An abused daughter-in-law from India. A Japanese housewife. A Prime Minister’s wife. On paper, these characters couldn’t be more different from one another. However, they all share the same wants and desires- to be loved and recognized as equal to men.
Asa Palomera’s Women of Asia explores the subjugation faced by women, deconstructing the myth of the “ideal” Asian wife and mother in the process. At the beginning of the play, images of women from countries such as Thailand, India and Japan are flashed across the screen, celebrating Asian women in all their uniqueness and diversity. Yet the stories we hear after that are far from celebratory.
The play presents 7 sketches told in succession, with inspiration being drawn from real life experiences. Having written and directed the entire show, Palomera proves to be a master of powerful and intricate storytelling. The stories we hear are deeply personal and intimate- one could very well imagine one of the characters being their close friend, sister or mother.

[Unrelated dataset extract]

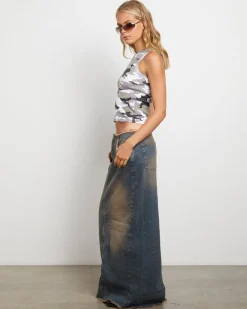 BDG Frankie Midi Skirt in Overdye Pink Denim
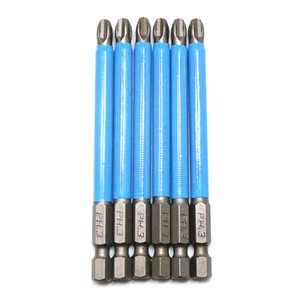 6pc Hex Shank Magnetic Anti Slip Phillips PH3 Electric Screwdriver Bit Set 90mm - Picture 1 of 3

One of the stories that stood out was that of an Indian mother-in-law who describes the abuse she faced as a child. Eventually, she proceeds to mistreat her own daughter-in-law, selling her kidney and one of her eyes in exchange for money. The scene undeniably brings to light the rampant oppression of women in India, where daughters-in-laws are often treated as second-class citizens.
Another poignant tale features a Japanese housewife trapped in a loveless marriage. In a climatic monologue, she recounts how her husband merely viewed her as an object to satisfy his sexual urges. Filled with desperation, she ultimately attempts suicide along with her two young children.

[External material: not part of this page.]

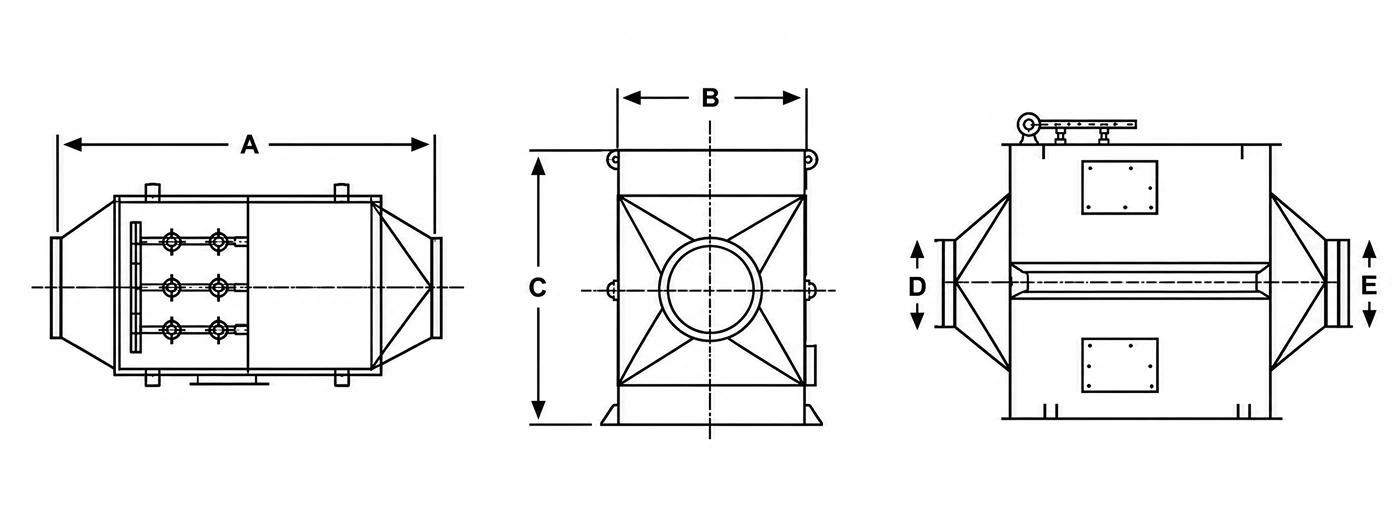 Horizontal wet scrubber dimensioned drawing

Powerhouse performances by the main cast added further richness and emotional resonance to the play. Despite taking an 8 year hiatus from acting, veteran actresses Koh Chieng Mun is at the top of her game, commanding the audience’s attention confidently and effortlessly in her scenes.
Playing an opera heroine, Koh laments the status of Puccini’s Madame Butterfly as an idealized victim pining for her European lover. Why must be the woman sacrificed herself when she is abandoned? As Koh aptly puts it, an ideal ending would be one where Madame Butterfly drives the sword into her lover’s chest rather than her own. After all, he truly deserves it, doesn’t he?
Special mention must also be given to fresh faces such as Nadia Abdul Rahman, Charis Ng and Benedict Hew. Rahman is especially electrifying in her roles as an Indian daughter-in-law and a Thai prostitute sold into sexual slavery. Possessing a strong stage presence, we look forward to seeing the young actress in future stage productions.
Under Palomera’s sensitive and passionate direction, Women of Asia succeeds in showing how much further we have to go in order to achieve gender equality. By advocating for women who voices have been drowned out in male-dominated societies, the play serves as a symbol of hope and change not only for women in Asia but around the world as well.